It's very clear that this university is all-too- willing to seek a relationship with the Department of Defense, but all-too-unwilling to defend your online discussion of sexual relationships. This is ironic, since this university is ostensibly training you to function as adults in this society, yet it has insisted on treating you like children.
I've talked about what CMU wants you to forget--now let's talk about what they have forgotten.
They've forgotten that the Constitution presumptively protects speech and expression about sexual matters, even when that speech and expression may be offensive.
They've forgotten that the Constitution does not allow governments to ban sexual expression for adults merely because there is some risk that children may see it.
They've forgotten that, when it comes to the Bill of Rights, what you don't use, you lose. The First Amendment is a terrible thing to waste.
As we can see from yesterday's election results, we're living in a conservative era. But the issue at stake here is not one that should divide liberals and conservatives, who have always shared a belief in the importance of individual liberty. In particular, conservatives should insist that CMU not alter its principles in the face of pressure from what may well be a paternalistic government.
But of course it's worth remembering that there has been no such pressure yet. The University has been misleading you as to the risks of carrying this material. And it may be misleading you as to its motives. I strongly suspect that the real reason the Administration tried to yank these newsgroups is that it is embarrassed by them. I spoke with a member of the Administration this morning, and he told me that the University doesn't want to have to defend carrying sexually explicit materials--it's ironic that such a highly educated group is afraid that it won't find the words necessary to defend discourse about a central aspect of the human condition.

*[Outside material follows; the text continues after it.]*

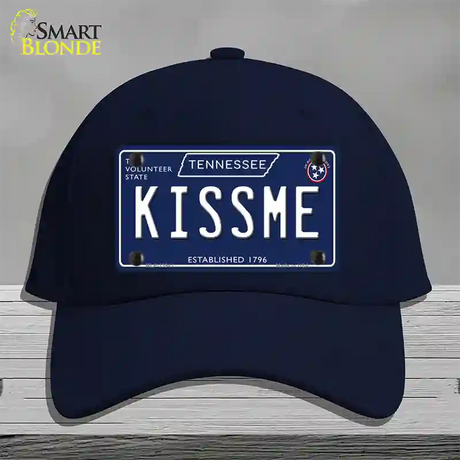 Kiss Me Tennessee Blue Novelty License Plate Hat Tag Cotton / Navy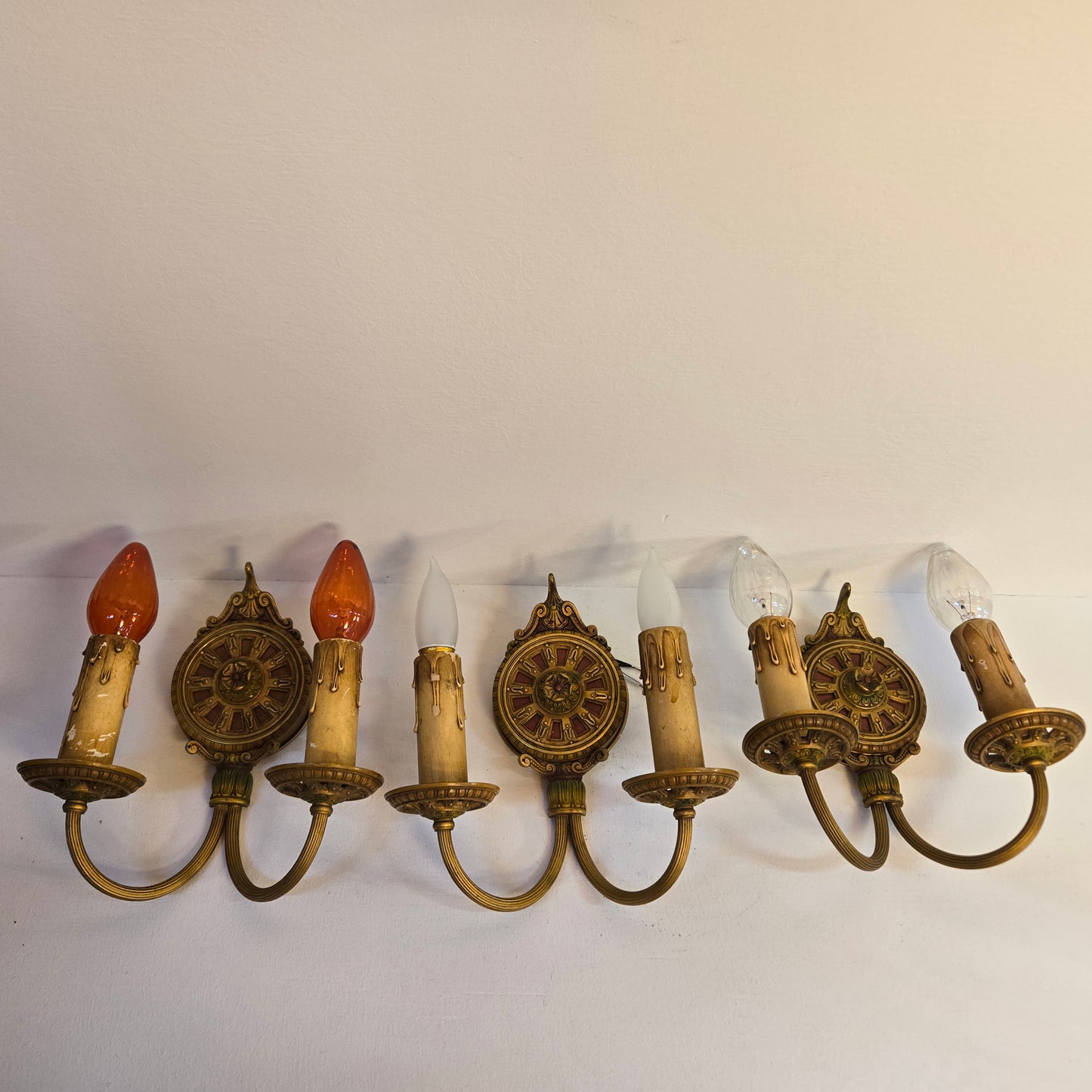 Set of 3 Vintage 1930s 2-Arm Hand-Painted Gold & Floral Brass Candlestick Wall Sconces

If they lack courage, it's up to you to supply it. Tell the CMU Administration that you came here with the expectation that CMU would live up to the highest principles of academic freedom. Tell them that you expect them to fight as strongly for your freedom of speech and freedom of inquiry as the administrations of Harvard or MIT would.
As Arsenio says, "It's time." Time to remind CMU about the meaning of freedom. And time to tell them once and for all: "No more censorship!"

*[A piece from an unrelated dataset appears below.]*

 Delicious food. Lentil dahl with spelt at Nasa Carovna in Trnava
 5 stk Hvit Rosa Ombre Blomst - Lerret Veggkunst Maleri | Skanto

I urge you not to accept it when the authorities tell you that CMU, as a private institution, is not bound by the First Amendment, and therefore can do anything it likes. This is, of course, quite true, but the issue has never been what CMU is permitted to do--instead, it's been what CMU *should* do if they are to sustain a commitment to academic freedom.
This morning I spoke with a member of the Administration who told me at least twice during our talk that he is a teacher and admirer of James Joyce's ULYSSES--also one of my very favorite books--so he understands the issues raised one someone tries to ban works based on their purported obscenity. When I heard this from him, I felt sad-- how could he possibly have missed the lessons we learned in this society when books like ULYSSES, TROPIC OF CANCER, and LOLITA were litigated in the courts?
It's very easy, I think, to proclaim that you understand the issue of obscenity because you're willing to defend a book that was vindicated half a century ago.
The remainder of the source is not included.